How to save money if you have food sensitivities
How to save money if you have to buy special diet foods.
Food sensitivities need not be expensive
Even though we are officially out of the recession, it is still necessary to economise, even with food. For those of us with food intolerances, the price of special diet foods can be an additional worry. Being intolerant of gluten and dairy foods myself, I have come up with some strategies, all tried and tested by myself, which I hope will help others.
Please note: if you suffer from life threatening intolerances and/or anaphylaxis, please read and apply my list of tips with caution. I do not want to give you the wrong advice.
1. Always buy the supermarket’s own gluten/ dairy free brand. It is cheaper and the quality is good enough to keep you going in the present economic climate. Sainsbury’s, Tesco, Asda, Waitrose and various other big chains have their own ranges of ‘Free From’. They sell various types of bread: pitta, naan, baguettes, ciabatta, rolls, loaves; various bread, pastry and cake mixes; cakes; cereal; cereal bars; biscuits; milk; margarine.
2. When you buy the supermarket’s own brand bread, put what you don’t need immediately in the freezer when you get home. I recommend this because on a few occasions, I didn’t notice that the packet had a hairline crack and the bread went mouldy after a day in the bread bin. When you need the bread, it will defrost within half an hour.
3. The supermarket’s own brand products often do not contain gluten/ dairy . We all read labels automatically, but as a general rule, head for the supermarket’s own brand first as it could save time. For example the pasta sauces, which can be cooked in stews for instant flavour and vegetables.
4. If you prefer to eat organic food, as I do, try and order an organic box of vegetables/ fruit , but buy organic meat from the supermarket. I have found that is cheaper than either buying all organics from the supermarket or buying all from an organic farm. Also, the meat from the supermarket is ready prepared with the fat removed, and so saves time and waste.
5. Whatever type of meat you can afford to buy, choose mince or cubed meat, both of which are cheaper and more versatile than chops or joints. Mince can be made into shepherd’s pies and pasta bakes, cubed meat into stews or pies of whichever type you can tolerate.
6. If you do get an organic box , you can puree the vegetables you do not especially like. I am not fond of root vegetables and used to give or throw them away. But now I puree pumpkin, turnip, swede, fennel or celeriac, freeze the purees, and then later cook them in other dishes. Shepherd’s pie with pureed pumpkin is particularly delicious, and any of these purees go well in beef stew.
7. However, if you cannot afford organic food, don’t worry too much. Try and buy only organic meat, vegetables and fruit, because these are the most important foods. If you cannot afford those, stick to British grown, seasonal types, because these should be cheaper and more nutritious . In times to come, when the economy improves, you can buy more quality foods and strengthen your health again.

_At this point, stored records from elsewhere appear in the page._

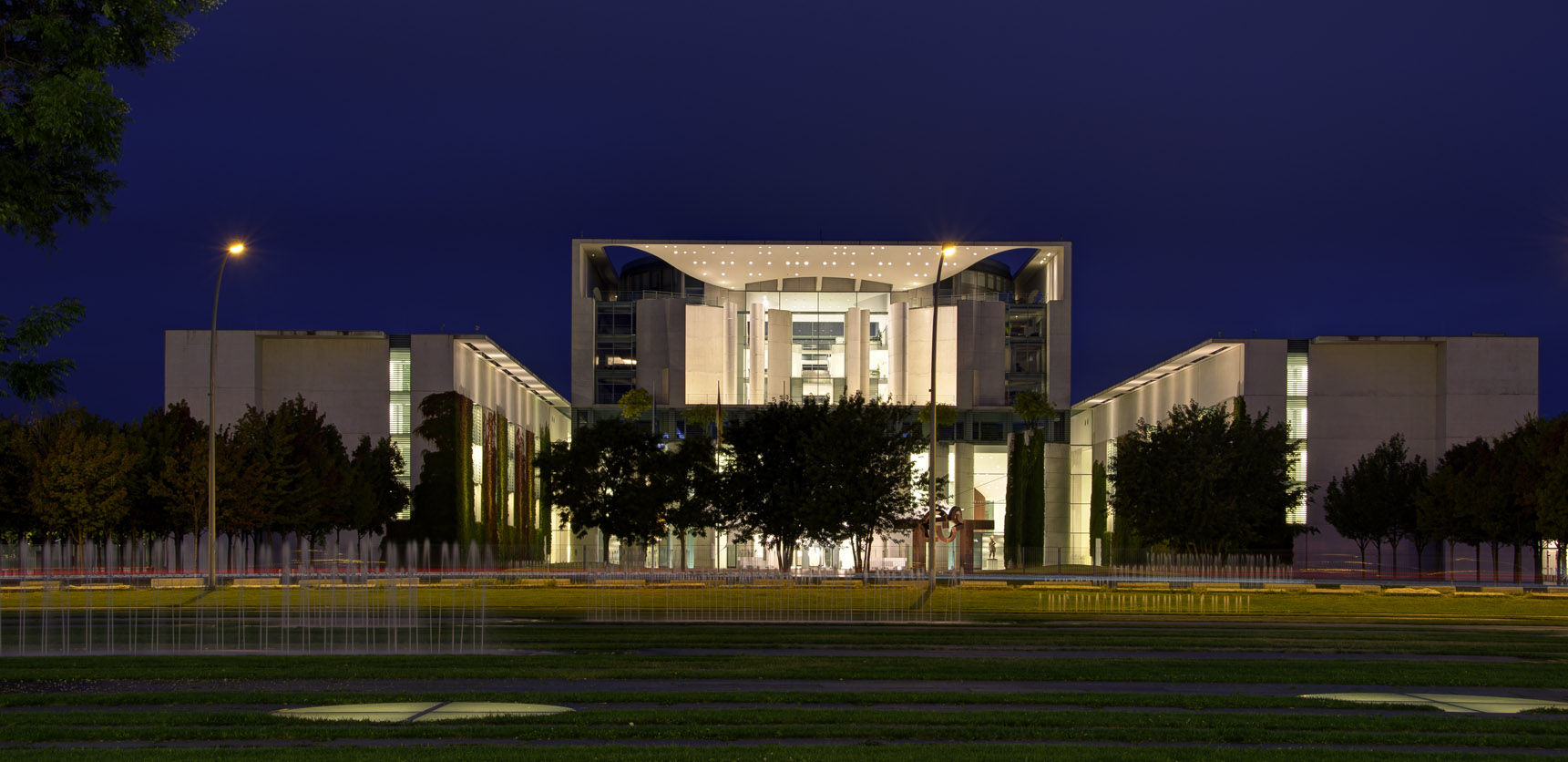 Berlin - Mitte - Bundeskanzleramt (Waschmaschine) - Residence of the Bundeskanzler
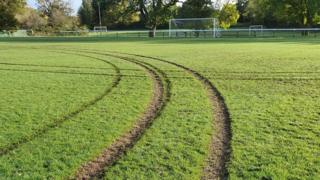 Ruts in pitch
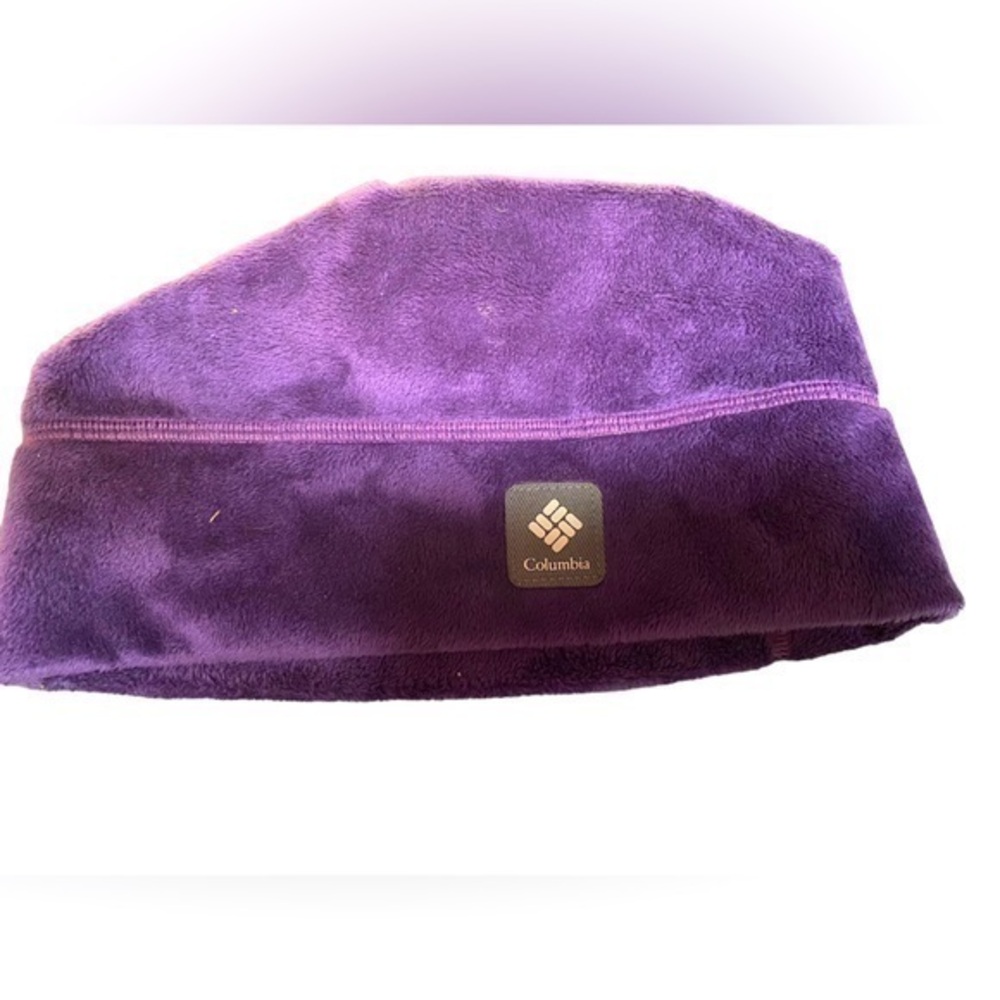 Columbia women’s warm fleece royal purple plush beenie style hat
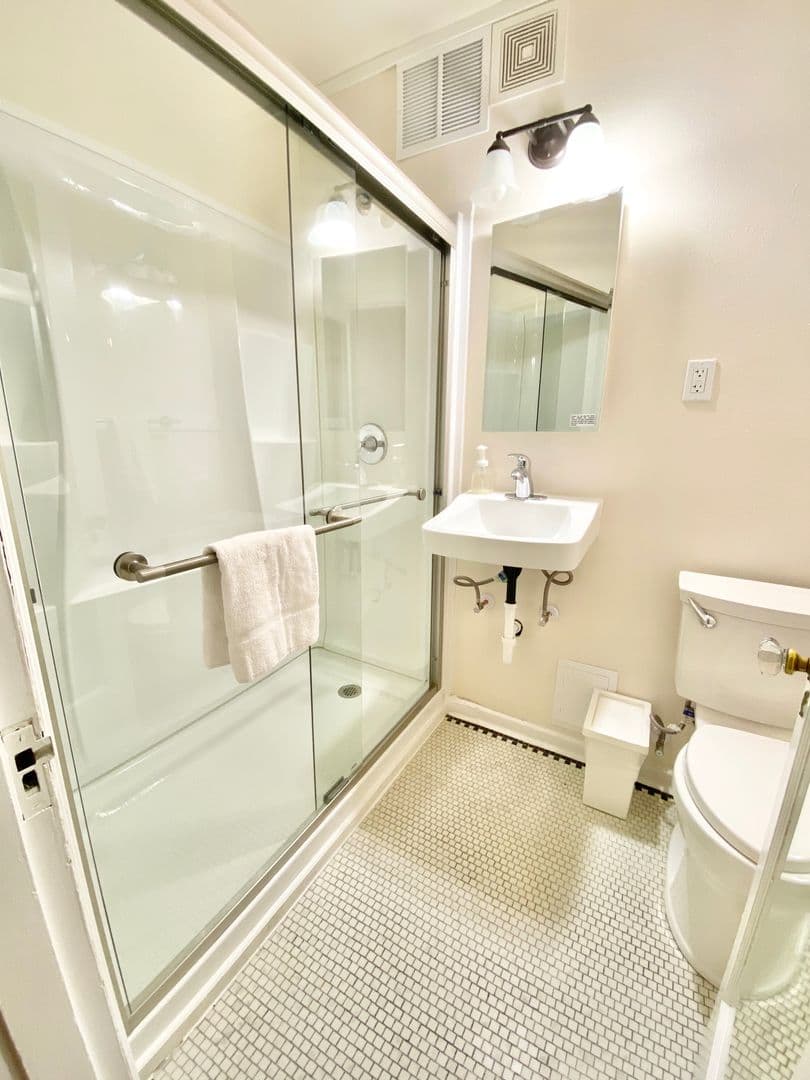 Seattle Apartment: 1420 Boren Ave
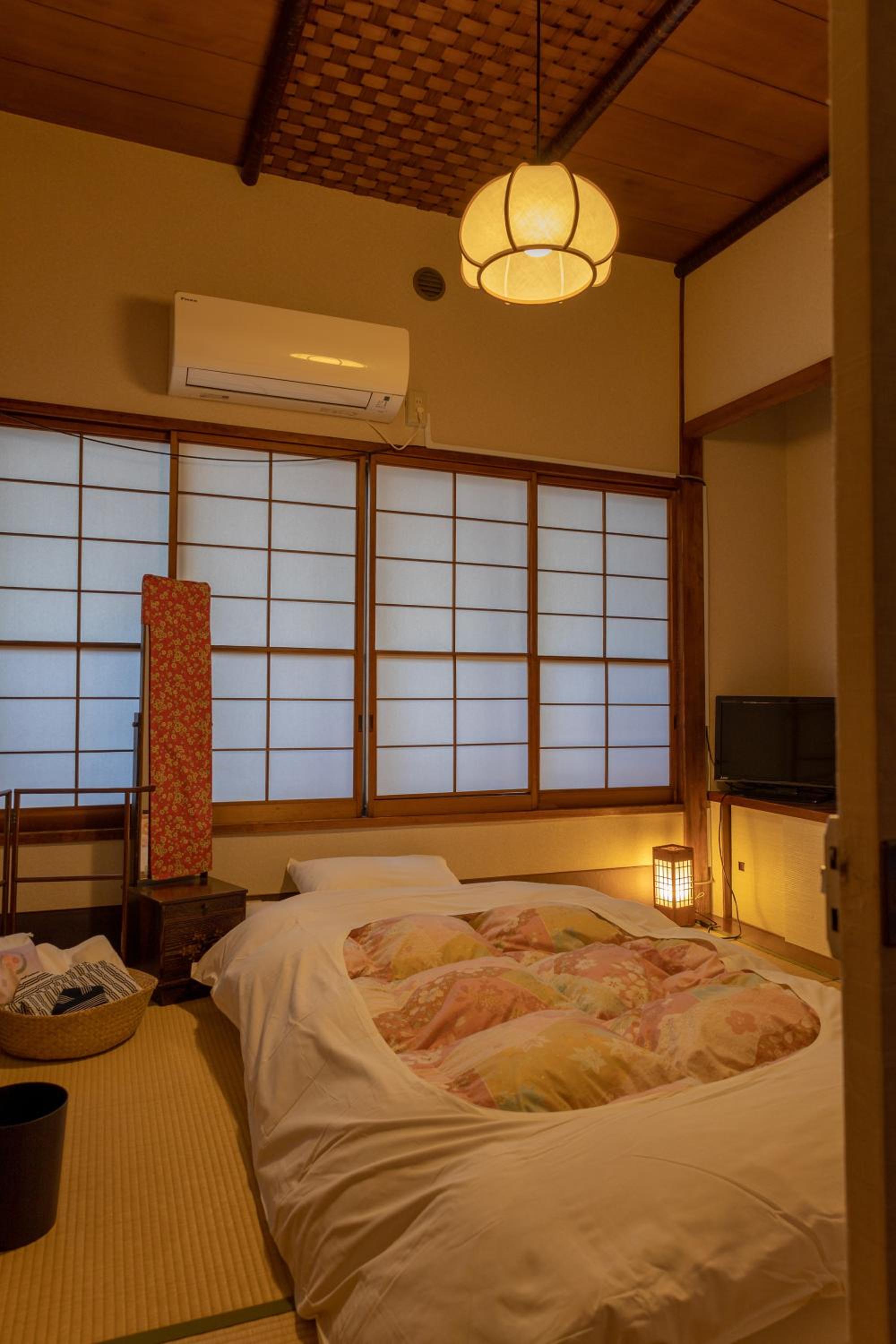 Single Room with Private Bathroom photo 3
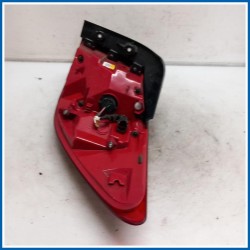 Fanale est. post. sx. KIA Sportage III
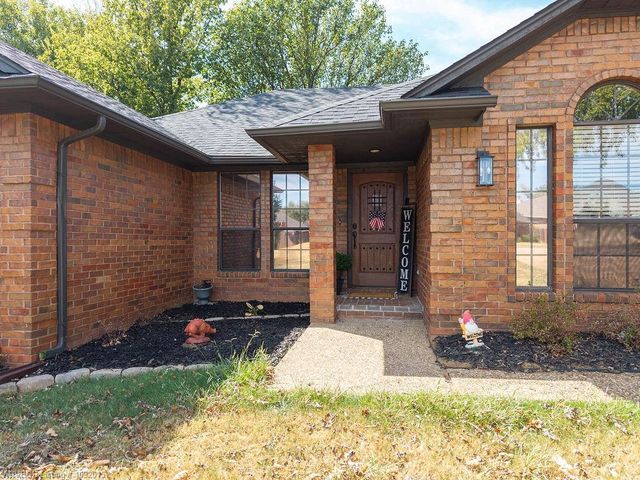 1327 Springdale Drive, Alma, AR 72921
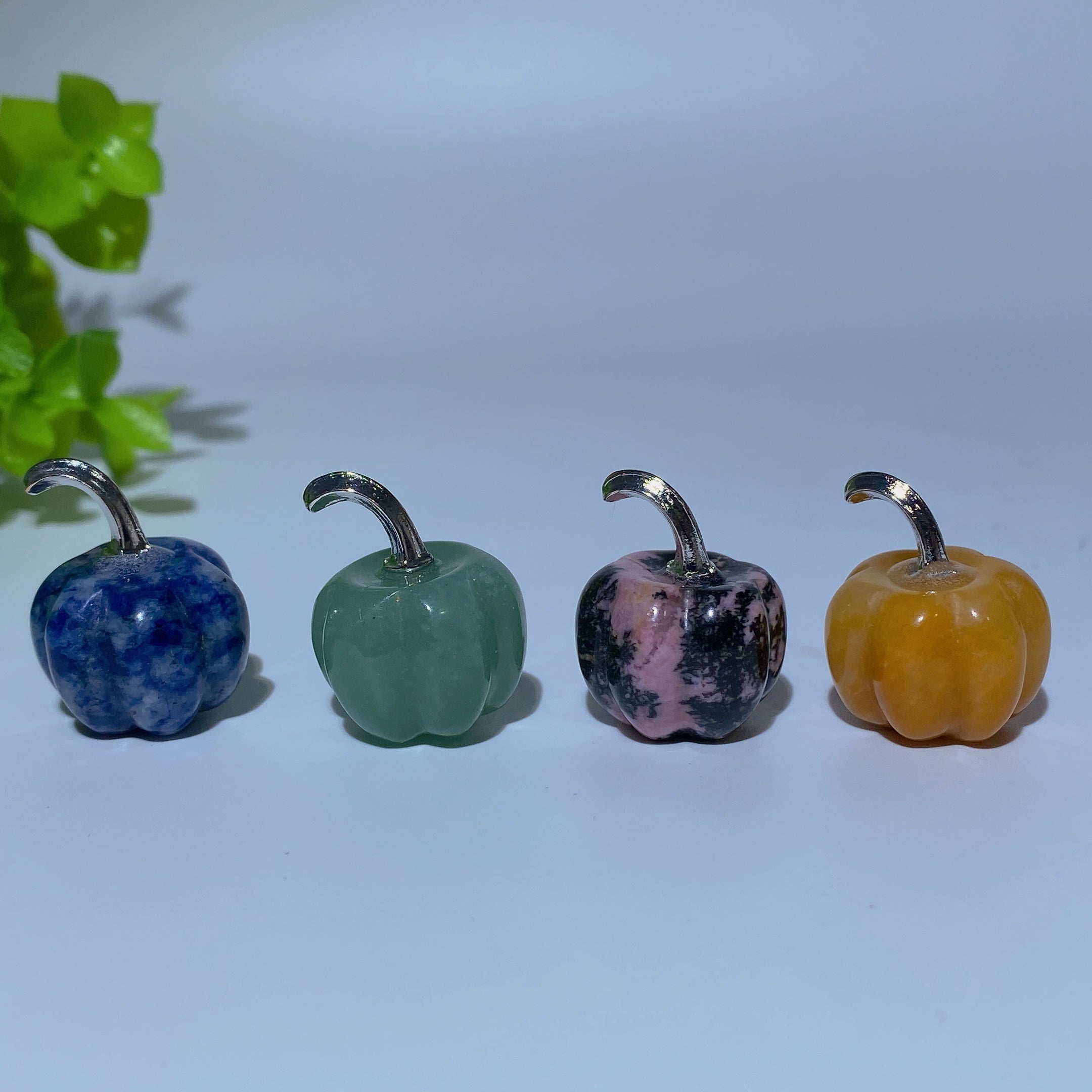 20mm Mixed Crystal Figurines Pumpkins for Healing and Decor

8. When you make a stew, shepherd’s pie, pasta bake etc., save the leftovers in the plastic boxes from takeaway meals and put them in the fridge or freezer. They are the perfect containers for leftovers. Then you can defrost and reheat them while still in the box, saving washing up and time. This is particularly useful if you have young children, because any smaller amount leftover can make the perfect sized meal for them and you can add cheese or whatever to make them more appealing.
9. When you have roast chicken or beef, you can save the cold meat for sandwiches the next day. You can also boil the chicken carcass up to make a base for soup, or to add to stew. It only takes a couple of hours and as long as you ventilate the kitchen well, your house shouldn’t smell too ‘chicken-y’.
10. Buy ready salted or plain crisps for snacks. They are least likely to contain wheat flour or milk powder, and if you buy the ones from the supermarket’s own cheapest brand range, they will only cost a few pence. Crisps are junk food anyway so why spend lots of money on quality brands?
I hope these tips help. I have found that even small alterations to my buying and eating habits have made significant differences to my finances.